Abu al-Husayn Ahmad ibn Abd Allah ibn Muhammad ibn Isma'il (Arabic: أَبُو ٱلْحُسَيْن أَحْمَد ٱبْن عَبْد ٱللَّٰه ٱبْن مُحَمَّد ٱبْن إسْماعِيل, romanizedAbū al-Ḥusayn Aḥmad ibn ʿAbd Allāh ibn Muḥammad ibn Ismāʿīl; c. 790–840), commonly known as Muhammad al-Taqi (Arabic: مُحَمَّد ٱلْتَقِيّ, romanizedMuḥammad al-Taqī, lit.'Muhammad the Pious'), was a descendant of the Islamic prophet Muhammad and the ninth of the Isma'ili Imams, succeeding his father, Ahmad al-Wafi (d. 828). Like his father, he lived primarily in Salamiyah, and Abd Allah ibn Maymun al-Qaddah, the chief missionary (da'i), continued to serve as the hijab (lit.'cover') for him. Known by the title Ṣāḥib al-Rasāʾil (lit.'lord of the epistles'), al-Taqi is said to have prepared with his followers an encyclopedic text called the Encyclopedia of the Brethren of Purity (Rasāʾil Ikhwān al-Ṣafā). He died in 840 in Salamiyah and was succeeded by his son al-Husayn.
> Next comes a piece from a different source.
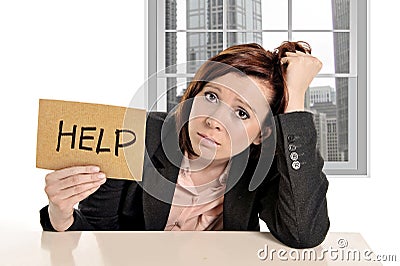 Sad businesswoman in stress at office work asking for help sitting frustrated Stock Photo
With the death of Ja'far al-Sadiq in 148/765, Isma'il (d. 158/775) and Muhammad (d. 197/813), the gravity of persecutions of the Abbasids had considerably increased. The Isma'ili Imams were impelled to thicken their hiding, therefore, the first dawr al-satr came into force from 197/813 to 268/882, wherein the Imams were known as al-a'imma al-masturin (lit.'the concealed Imams'). The concealment ended with the establishment of the Fatimid Caliphate (r. 909–1171).